There are no asterisks in the Bill of Rights denoting that our freedoms are only for those we think are agreeable or reasonable to us. Devotion to one's country is to love it despite the fact that it protects people we may find offensive.
The Bill of Rights is not applied as an umbrella. We do not get to cherry-pick who amongst us is sheltered under it and who is not. That's not how love works.
America's founding principles, rather, are applied as a blanket covering us all. Personally, I am comforted by the fact that the First Amendment protects me, so that I may write this column.
Patriotism isn't defined by the colors you wear or what you wave in the breeze. It's determined by what you do.
Do you live in such a way as to show value for the life, liberty and pursuit of happiness of those around you? Are you willing to defend the right of someone you disagree with to continue being disagreeable? Do you still love what America stands for despite sometimes not feeling that love yourself?
Being a patriot is not easy, requiring much deeper devotion than wearing red, white and blue on holidays.
Patriotism can actually be a lot like trying to love family that's just not very lovable. No matter how irritating they can be, how disappointing their behavior, how self-serving their actions, you still love them. You remain devoted to them.
We have to be willing to stand up for one another in spite of our differences, our divisions, and our disagreements. This means looking out for each other, being considerate of the other person, and speaking or acting on their behalf when freedom is threatened.
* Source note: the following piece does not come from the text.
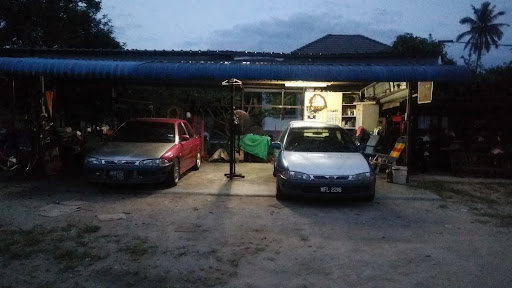 Peak Works Garage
I'm not so sure Americans today are ready to do that. The nation is caught in a struggle pitted, ironically, against apolitical indifference and bitterly polarized ideologies; both of which threaten to leave the principle of liberty in tatters.
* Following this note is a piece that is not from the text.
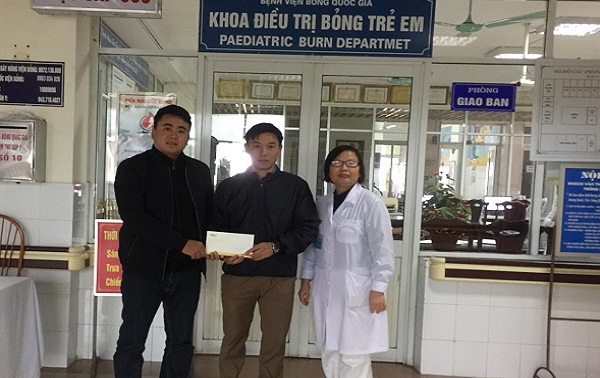 Bé Đỗ Minh Hiếu bị bỏng nặng đã được xuất viện về nhà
Until we are willing to put the country before ourselves and ahead of our own pride, we cannot love it with the devotion that love requires. And unless that happens, patriotism is a just word to banter back and forth with; as insignificant as a beach ball tossed around in a crowd.
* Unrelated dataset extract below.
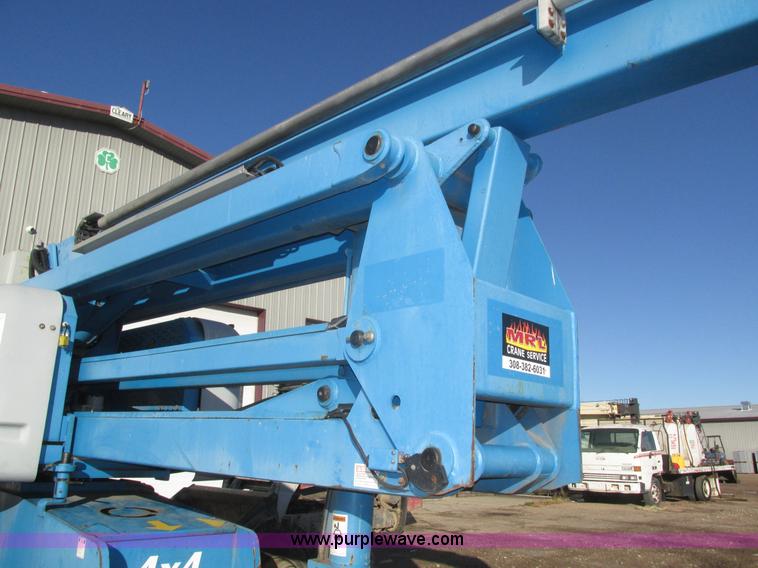 image for item H1037 2002 Genie Z60/34 boom lift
Benjamin Franklin, considered the wise sage of the Continental Congress in the days of the American Revolution, once remarked to his colleagues, "Gentlemen, we may as well hang together, because if we are caught, we will surely all hang separately."
Franklin's contemporaries were just as spirited and zealous in their ideologies as many are today. Nasty arguments, shouting matches and name-calling were all part of the process of forming an independent nation. Many of the founders were often not on the same page.
But they were all on the same team. And, in the end, they buried the hatchet, putting aside their differences to breathe life into the country we are part of today.
Do we have the devotion it takes to love what America stands for despite mistakes made by her people, and in the face of our problems?
If you want to show love to someone, you don't bag on them for their mistakes. You acknowledge what went wrong and focus on the good that exists within them, helping them move forward through learning, growth and maturity.
In the same way, we must not treat America like the child who can't seem to do anything right in our eyes. Her people have made mistakes, and they are going to make mistakes.
But instead of bagging on America for what goes wrong, we would be wise to focus more on what is good about her and use those virtues as strengths to overcome weaknesses.
There are some things that need fixing in our country. But there are many others worth honoring and celebrating.
America has come a long way in 242 years. Respect that.
When America stumbles and takes a step back, don't push her further down the stairs to shame her. Extend your hand and help her up the next step.
That's what love of and devotion to country would do.